Roy Hodgson and Sir Bobby Robson were friends, linked by Fulham and their years as Englishmen managing abroad. Had Robson still been with us, he would have recognised the way the name of Kenny Dalglish is used by a section of the club's fans to bait Hodgson whenever Liverpool lose. In his tumultuous year managing Barcelona, Robson received the same treatment at Camp Nou; his every action compared with Johan Cruyff's. Less than a week after overseeing the dismantling of Chelsea at Anfield, the menacing, rhythmic chants of "Dalglish" appeared again at the Britannia Stadium.
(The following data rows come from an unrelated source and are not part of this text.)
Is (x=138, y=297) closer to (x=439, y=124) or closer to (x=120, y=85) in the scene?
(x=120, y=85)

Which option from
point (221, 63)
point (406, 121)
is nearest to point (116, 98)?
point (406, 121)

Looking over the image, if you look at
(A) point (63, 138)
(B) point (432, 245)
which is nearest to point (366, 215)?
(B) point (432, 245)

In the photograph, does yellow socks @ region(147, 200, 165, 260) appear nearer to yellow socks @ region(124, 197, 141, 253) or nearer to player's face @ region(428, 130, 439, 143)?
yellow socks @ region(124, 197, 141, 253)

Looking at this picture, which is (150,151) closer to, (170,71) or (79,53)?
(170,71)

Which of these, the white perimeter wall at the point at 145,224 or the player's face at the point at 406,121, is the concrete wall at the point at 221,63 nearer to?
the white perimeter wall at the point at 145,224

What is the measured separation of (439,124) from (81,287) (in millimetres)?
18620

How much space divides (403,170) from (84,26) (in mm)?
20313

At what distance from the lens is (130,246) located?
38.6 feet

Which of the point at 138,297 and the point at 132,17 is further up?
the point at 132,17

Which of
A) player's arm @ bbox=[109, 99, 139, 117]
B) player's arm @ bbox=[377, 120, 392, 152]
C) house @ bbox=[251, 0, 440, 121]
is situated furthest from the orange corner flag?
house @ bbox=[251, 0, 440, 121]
Yesterday Glen Johnson's "people" signalled their client's desire to leave Merseyside amid claims he found Hodgson's style of football "boring" and that he felt slighted by criticisms from his manager that he had yet to demonstrate the form that made him England's first-choice right-back. Bayern Munich are said to be monitoring the situation, although for Johnson's sake one hopes the German champions did not monitor his abysmal display in Utrecht in the Europa League or any of his performances in South Africa.
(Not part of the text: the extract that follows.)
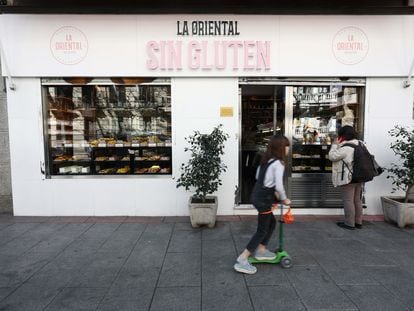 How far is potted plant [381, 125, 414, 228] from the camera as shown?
502 centimetres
While apologising if his comments made on Wednesday in the wake of Liverpool's 1-1 draw at Wigan Athletic offended the player whom Rafael Benítez brought to Anfield for £18m last year, Hodgson maintained the remarks were fair.
"It is no good being a player of great ability if you are not bringing that to the field of play," he said. "He, as well as I, knows he has not reached that form very often. It amazes me that when you make statements of such obvious veracity people want to make headlines out of it."
Robson seldom enjoyed reading the Catalan press or having it translated for him by José Mourinho. He delighted in relaying the headline in one paper after Barcelona had come from three goals down to win 4-3. "Manager loses the first half, players win the second."
Hodgson did not have the players to cope with the intensity of Stoke's football which was summed up by Jermaine Pennant: "Push on, don't give them anything or even any room to breathe." Pennant, who once felt as constricted by Benítez as Johnson apparently does by Hodgson and found himself at Real Zaragoza as a result, argued that Liverpool lacked the personnel to adapt to the physical challenge Stoke offered. In his time at Anfield, he said, Benítez could employ Peter Crouch. Here there was just Sotirios Kyrgiakos used as a makeshift centre-forward with Fernando Torres labouring with an ankle injury.
Once Ricardo Fuller had punished a failure to clear one of Rory Delap's missiles, the only question was the margin of Stoke's victory. Kenwyne Jones, put through with instinctive intelligence by Pennant, ensured it would be by two clear goals. "They did look uncomfortable," said Pennant, who in the space of a week had tasted victory over two of his array of former clubs – Birmingham was the other and Arsenal arrive in May. "It is probably a lack of confidence but you look at their team and they do need to get strength in certain areas.
"Great sides can play a different team within the squad and still get results but Liverpool are struggling to do that. Some are struggling to cope with the pace and demands of the Premier League but they have to battle through and shine.
"They have a lot of work to do if they want to be challenging Chelsea and Manchester United. I don't know what they can do or what they expect to do but they have to do something. It is hard to live up to the past and the reputation Liverpool have. They want to be the best team in the world and their fans think they should still be that."